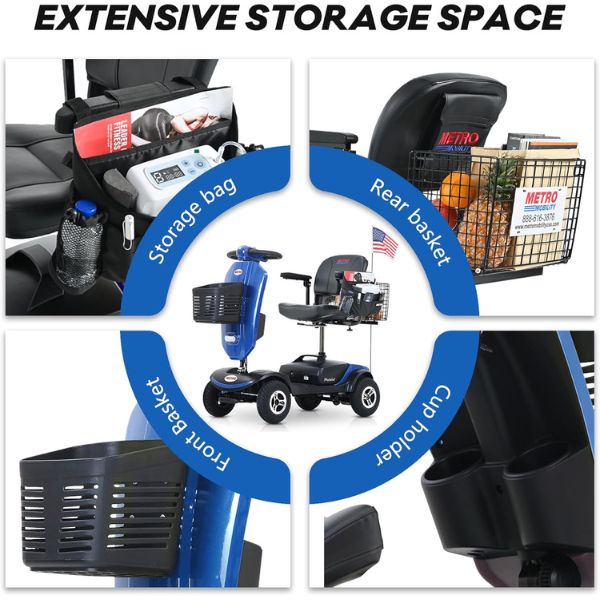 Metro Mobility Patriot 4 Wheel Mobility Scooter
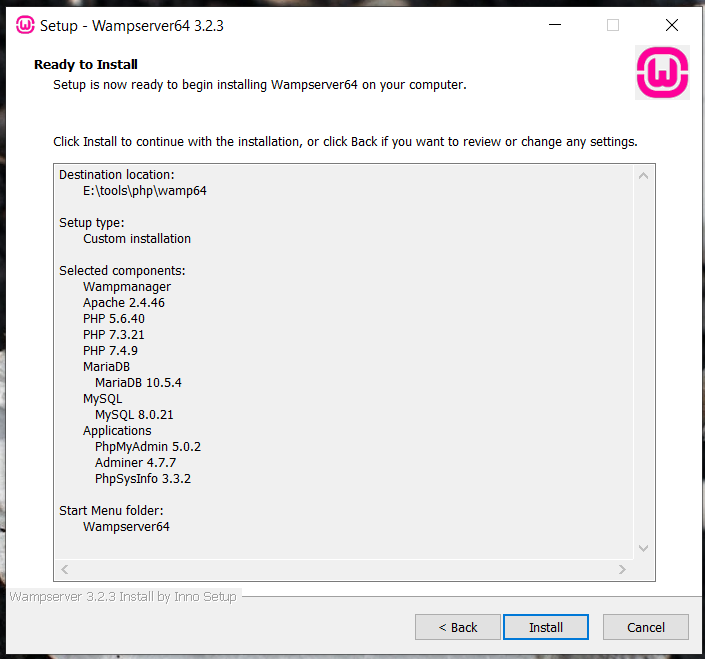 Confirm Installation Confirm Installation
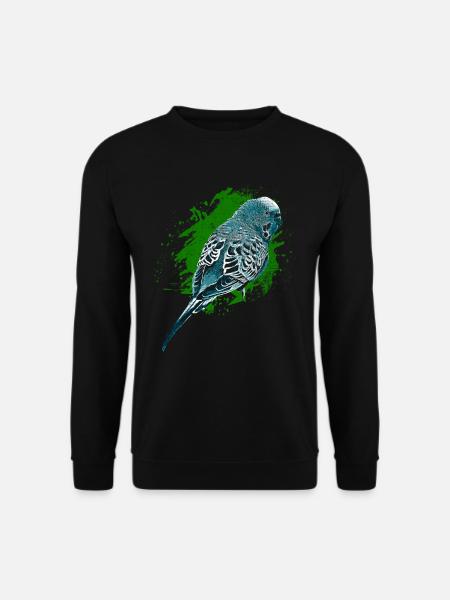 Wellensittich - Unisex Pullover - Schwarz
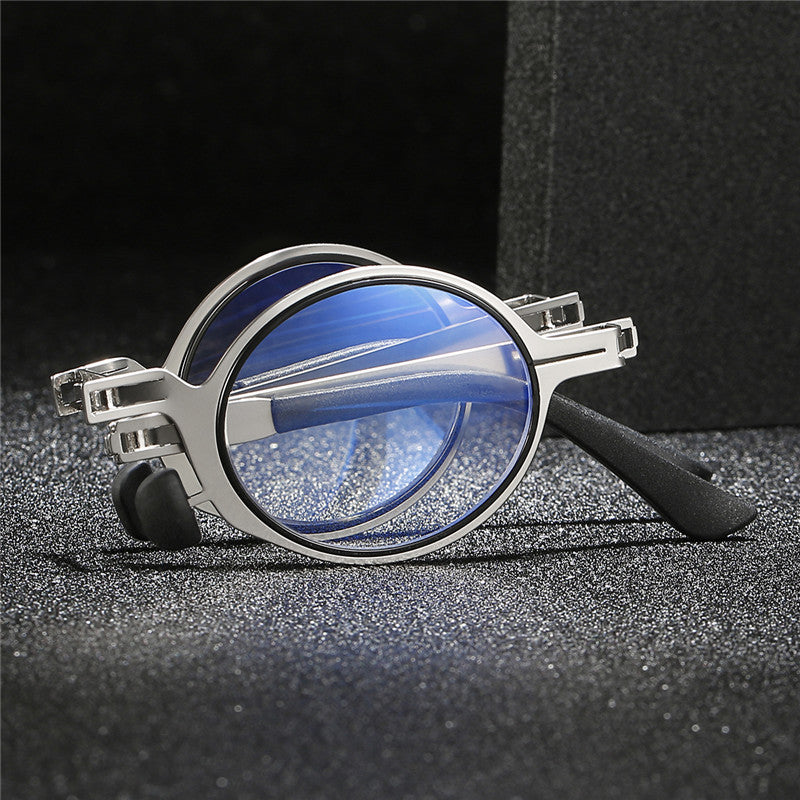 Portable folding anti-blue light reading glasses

==

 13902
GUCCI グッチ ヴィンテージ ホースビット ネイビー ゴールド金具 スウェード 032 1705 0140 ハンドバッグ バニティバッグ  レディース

* What to produce:
Above are some records; extract exactly the lines from the one containing "Metro Mobility Patriot" through the one containing "Portable folding anti-blue" and drop the pictures.

* Completed task:
 Metro Mobility Patriot 4 Wheel Mobility Scooter
 Confirm Installation Confirm Installation
 Wellensittich - Unisex Pullover - Schwarz
 Portable folding anti-blue light reading glasses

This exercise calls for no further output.